On 3/29/25 11:09 PM, David Wright wrote:
On Sat 29 Mar 2025 at 05:36:46 (-0500), Richard Owlett wrote:
On 3/28/25 11:29 PM, David Wright wrote:
On Mon 24 Mar 2025 at 06:34:05 (-0500), Richard Owlett wrote:
Since the beginning of February I've been receiving what I consider
spurious emails.

The only change to my setup {to best of my memory} was subscribing to
the "debian-...@lists.debian.org" mailing list.

On Fri 28 Mar 2025 at 08:00:59 (-0500), Richard Owlett wrote:
Further investigation suggests a human *explicitly* sent all
"desirable" emails to debian-...@lists.debian.org .
I.E. When SeaMonkey displays header content onscreen, To: *OR* Cc:
contains "debian-...@lists.debian.org".
No "spurious" email has that in *EITHER* of those fields.
[I don't know enough about email mechanics to understand how the
"spurious" emails do get sent by some automatic mechanism.]

So would it be true to say that the only connection between these
"spurious" emails, aka spam,

*TILT*!!!!!!!
I don't believe them to be spam.
On 3/24 in response to having been asked:
  What do you mean exactly by "spurious"?
I had replied:
That I did not associate them to be related to my needs/desires/expectations
[ When posting I was unsure if "spurious" was best term - thus the
quotation marks in my post.].
Please note my comment in the square brackets.

[SNIP]

You can't find the words to describe these emails, yet you won't
communicate any of their contents, header or body, as evidence
to the list.
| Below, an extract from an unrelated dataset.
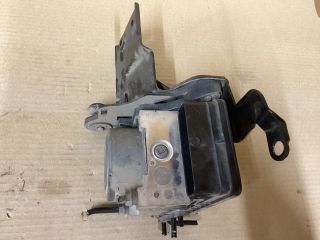 bontott VW PASSAT B8 ABS Kocka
And yet you want the list members to tell you where
and how to report something that we know almost nothing about.
That makes no sense.

I asked you to check the headers of the emails, which you said
you can read in SM, and told you what you look for, and yet you
just snip that away. What's going on?

Cheers,
David.



I'm evidently have not conveyed the import of what I have termed "spurious". It is *NOT* the same as saying something is spam.

I had run into some sort of problem with some web pages (don't recall which). I went looking for a relevant list to give me background to be able to describe the problem.

I found https://lists.debian.org/debian-www/ which says in part:
Web pages design and maintenance
Design, structure and translation of Debian web pages. ...

To see if it was what I was looking for, I subscribed.
At first it appeared to be a low volume but appropriate list.
Then there was a barrage of posts that seemed irrelevant.

Then a few posts of interest. Then more of no interest.

80% of the uninteresting post were placed by the bug-tracking system.
100% of posts explicitly done by humans seemed to have some potential on topics of interest.

My problem is solved by filter I previously described.